Премия Рунета-2020
Россия
Москва
+20°
Boom metrics
Звезды9 апреля 2019 19:13

Поэтесса и переводчица Мария Мартысевич: «Белоруски до сих пор живут по принципу Анастасии Слуцкой - тянут на себе, потому что больше некому»

С Марией, которая недавно собрала в интернете на издание своей поэмы «Сарматыя» почти $1000, «Комсомолка» поговорила о расхожих стереотипах в отношении белорусов
Марии Мартысевич нравится тезис о том, что литература Беларуси всегда была многоязычной. В нее вписывается и белорусско- и русскоязычное творчество Максима Богдановича - второго героя этого снимка. Фото: Юлия МАЦУК

Марии Мартысевич нравится тезис о том, что литература Беларуси всегда была многоязычной. В нее вписывается и белорусско- и русскоязычное творчество Максима Богдановича - второго героя этого снимка. Фото: Юлия МАЦУК

А еще узнала, почему устаревшая школьная программа - это нормально и из-за чего в Польше не издали белорусскую книгу, где все заканчивалось природным катаклизмом.

«Сарматыя» Марии Мартысевич - это поэма в письмах от имени иностранки. Она приехала в наши края за красивым сарматским мифом, вплоть до начала ХIХ века считавшимся идеологией шляхты Речи Посполитой. Но героиня, возвышенная натура, столкнулась с дикими для нее нравами. В своих письмах она, с одной стороны, оценивает сарматов свысока, с другой - восхищена их стойкостью к ударам жизни и даже влюблена в одного из них. Порой кажется, что поэма просто дышит параллелями с белорусской современностью…

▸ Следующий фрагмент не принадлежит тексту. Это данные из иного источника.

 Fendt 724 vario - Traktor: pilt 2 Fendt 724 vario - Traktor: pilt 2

- Но не все сарматы - белорусы, не все белорусы - сарматы, - сразу замечает Мария. - Во многом сармат - синоним шляхтича. До сих пор этот корень проявляется в белорусах, ведь шляхта была немаленькой частью общества. В нашей литературе долго воспевалась блестящая сторона сарматского мифа - все эти кафтаны с персидскими поясами. Их считали нашими рыцарями, героями. Но мало кто задумывался, что в XVII - XVIII веках такая мода в Европе слыла нелепой, а элиты того времени не хотели договариваться и не сумели реформировать страну, что и привело к трем разделам Речи Посполитой. О древних сарматах, якобы предках нашей шляхты, тоже не хотелось забывать. Потому я старалась нарисовать сарматов отчасти фантасмагорическими существами.

Поэма "Сарматыя" стала не только заметным событием в литературе, но и впечатляет издательской задумкой - в каждой книге есть стильные открытки. Фото: Личный архив

Поэма "Сарматыя" стала не только заметным событием в литературе, но и впечатляет издательской задумкой - в каждой книге есть стильные открытки. Фото: Личный архив

«МОРЕ, КОТОРОГО НЕТ, - ВАЖНОЕ ДЛЯ БЕЛОРУСОВ»

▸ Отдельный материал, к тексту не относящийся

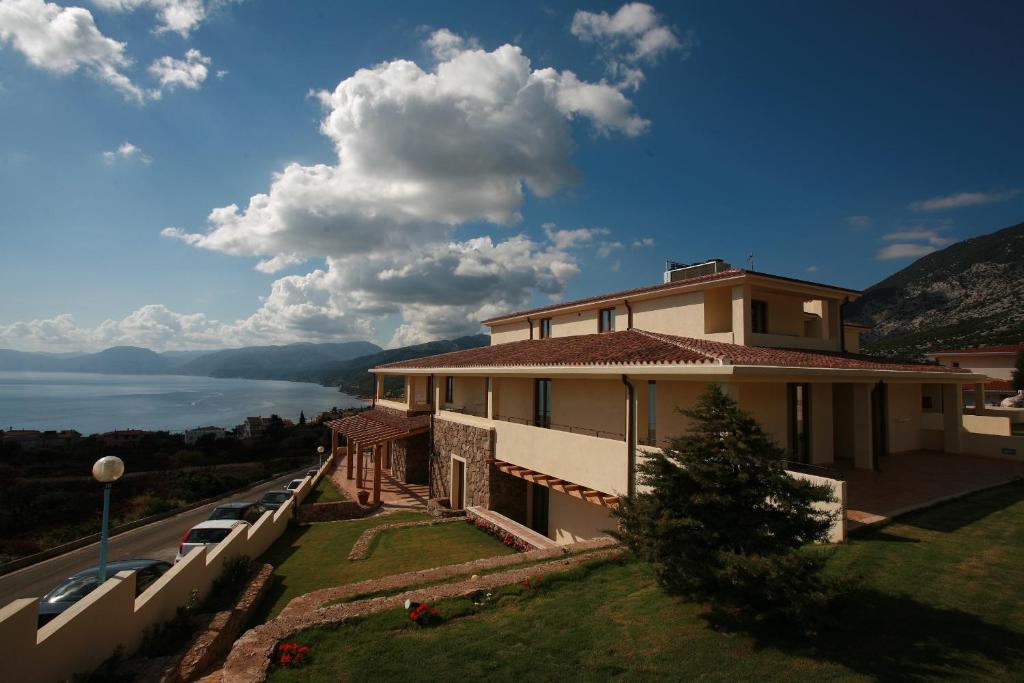 Hotel Gustui Maris 4*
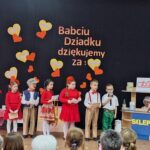 dzieci recytują wiersze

- Какие стереотипы о сарматах-белорусах вы для себя подтвердили?

- Бытописание в поэме часто совпадает с моими наблюдениями за современниками - по крайней мере за общественно-активными кругами, в которых я вращаюсь. Например, позиция «мудрэц - гэта той, хто хваліць ва ўcім сармата» - очень характерная для белорусов. Мы слушаем только то, что приятно, и игнорируем людей, которые указывают на проблемы.

«Мора сармата разліваецца ў яго галаве» - тоже очень по-белорусски. На море целый год откладывают деньги, с зимы начинаются обсуждения, кто какое море может себе позволить. Море, которого нет, - важный концепт для белорусов. Потому мы то ищем Геродотово море, то эксплуатируем миф об утраченной державе от моря до моря. Море - это то, к чему надо выйти.

- Еще один яркий момент - о сарматках, которые «калі вайна, ідуць ваяваць».

- Я постоянно убеждаюсь: коды из древности определяют и нашу современницу. Например, шляхтянки на наших землях не были воинственными, но женщина шла на войну, когда не было мужчины. Так было с Анастасией Слуцкой - ее подвиги совершены в отрезке времени от смерти мужа до возмужания сына. И сегодня белоруски много тянут на себе. Но не потому, что у них равные права с мужчинами, а потому что больше некому. Может, это отголосок того, что много мужчин погибло во Второй мировой войне, может, виной алкоголизм, когда муж, по сути, недееспособный…

Сейчас интересный период: нас, женщин, словно всех одномоментно выпустили из клеток. Только одним в это время 20 лет, другим - 35, а кому-то - 70: у одной жизнь впереди, а другая ее прожила. По-моему, здорово, что мы стремимся к обществу, когда каждая и каждый могут что-то изменить. Главное - давать больше свободы активным людям.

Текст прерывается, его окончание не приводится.